Esse projeto procura instalar as hortas comunitárias em lotes vagos, de modo a abastecer as famílias que moram nas proximidades desses terrenos. São cultivados alface, tomate, rúcula, couve, espinafre, repolho, alho, rabanete, beterraba e cenoura, entre outras verduras e legumes. Na maioria dos casos, o plantio é feito a partir dos princípios de agricultura orgânica, ou seja, sem os inseticidas e fungicidas tradicionais, o que garante mais qualidade aos produtos.

A Petrobras, maior empresa do país, também está desenvolvendo uma ampla estratégia de intervenção social. No fim de 2005, cearenses, mineiros, amazonenses, paulistas, paranaenses e demais representantes de 74 projetos sociais de todos os estados uniram-se na sede da companhia, no Rio de Janeiro, para uma comemoração em comum. Eles assistiram ao anúncio da seleção pública que aprovou suas propostas para integrarem o Programa Petrobras Fome Zero, que destinará R$ 18 milhões a iniciativas que têm o objetivo de fortalecer o combate à desigualdade social no país por meio da geração de emprego e renda, melhoria das condições de educação e qualificação profissional para jovens e adultos, além da garantia dos direitos da criança e do adolescente. Em 2006, a companhia investirá R$ 303 milhões em projetos do Programa Petrobras Fome Zero, que atenderão a mais de 4 milhões de pessoas. Para o presidente da empresa, José Sérgio Gabrielli, não basta apenas distribuir os recursos que a companhia tem, mas também dar condições para que os projetos sobrevivam ao longo do tempo.

Contrapartida

Espécie de financiador de última instância de vários programas sociais, o Banco Nacional do Desenvolvimento Econômico e Social (BNDES), principal banco de fomento do país, está empenhado em dar uma dimensão sem precedentes no combate à exclusão. Segundo seu diretor de Inclusão Social, Maurício Borges Lemos, a instituição vai vincular a concessão de qualquer linha de crédito às empresas brasileiras a uma contrapartida de intervenção social. "Dessa forma, poderemos ampliar o grau de comprometimento de grandes companhias e também do banco a iniciativas destinadas a reduzir as desigualdades regionais."

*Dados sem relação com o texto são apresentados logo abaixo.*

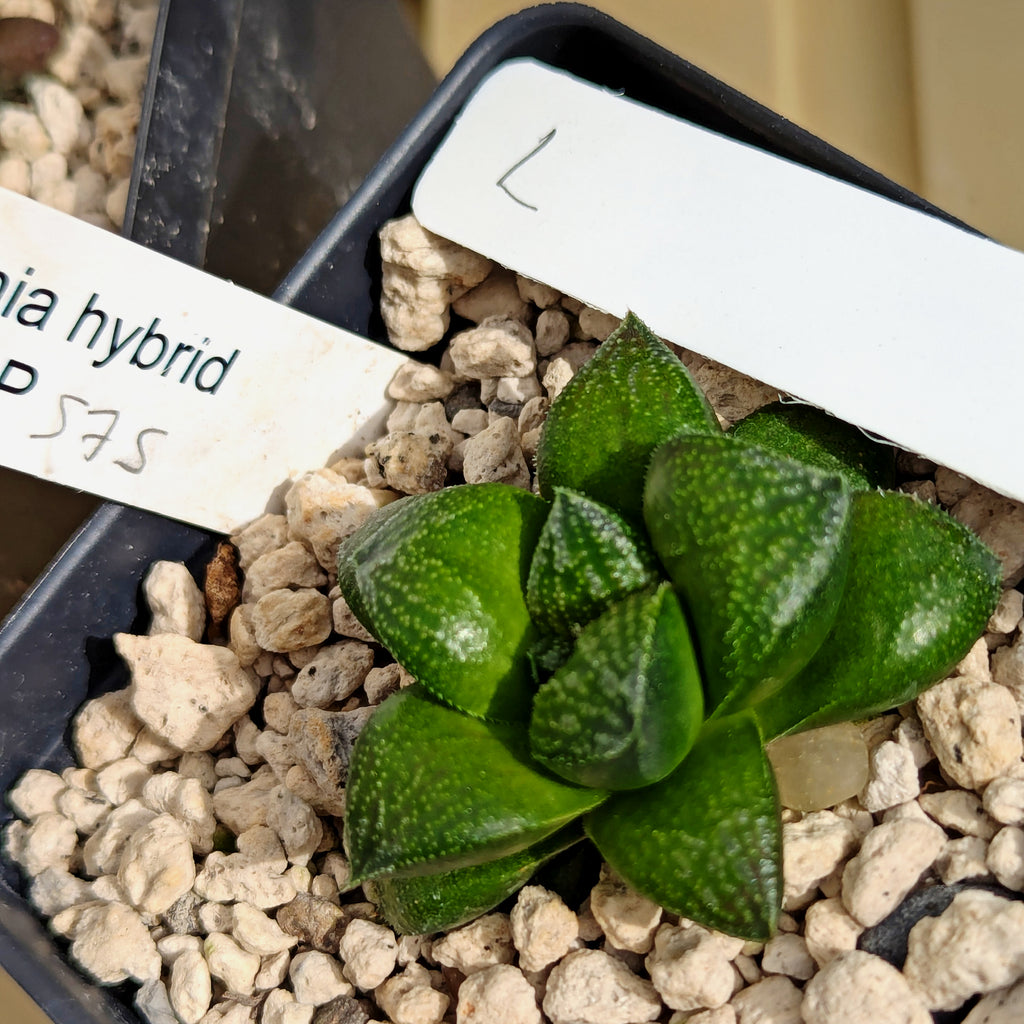 Haworthia  hybrid series PP575 #L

Educação e saúde são os dois eixos principais das ações comunitárias da Fundação Itaú Social, entidade criada no ano 2000 com o objetivo de garantir recursos, de modo permanente, aos projetos desenvolvidos e apoiados pelo Banco Itaú. Baseada no conceito de cidadania empresarial, ou seja, o setor privado comprometido com questões comunitárias, a fundação, com parcerias estratégicas, como as que mantém com o Fundo das Nações Unidas para a Infância (Unicef) e a Universidade de São Paulo (USP), está desenvolvendo e implementando mais de uma dezena de projetos.

Ana Beatriz Patrício, superintendente da fundação, destaca que, nesses cinco anos, foram várias as iniciativas que renderam benefícios às comunidades onde atuou. Entre elas, Ana menciona o Raízes & Asas, programa que focaliza o papel da escola na comunidade; o Educação & Participação, voltado para o desenvolvimento integral de crianças e adolescentes, e o Jovens Urbanos, que oferece formação qualificada aos jovens da periferia das grandes cidades.

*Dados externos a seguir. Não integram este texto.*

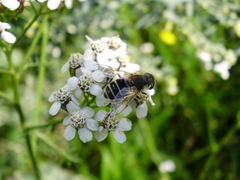 Eristalis arbustorum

Coincidência ou não, o fato é que, a partir de 2003, a taxa de pobres e indigentes no Brasil passou a declinar. Com base em dados do Instituto Brasileiro de Geografia e Estatística (IBGE), a economista Sonia Rocha, da Fundação Getúlio Vargas (FGV) verificou que nas áreas metropolitanas, de 2003 a 2004, o percentual de pobres recuou de 39,8% para 38,7%, enquanto o de indigentes, no mesmo período, caiu de 9,5% para 7,9%. Bastante significativo é o fato de a grande contribuição para a erradicação da miséria extrema ser procedente das áreas rurais. A queda da indigência no campo foi de mais de 3 pontos percentuais de um ano para outro. Mesmo assim, o Brasil ainda abriga um exército de 57,7 milhões de pobres, dos quais 3,3 milhões vivem na mais negra miséria. Ou seja, a situação melhorou, mas certamente ainda há muito a ser feito, tanto em termos de políticas públicas quanto em mobilização do setor privado.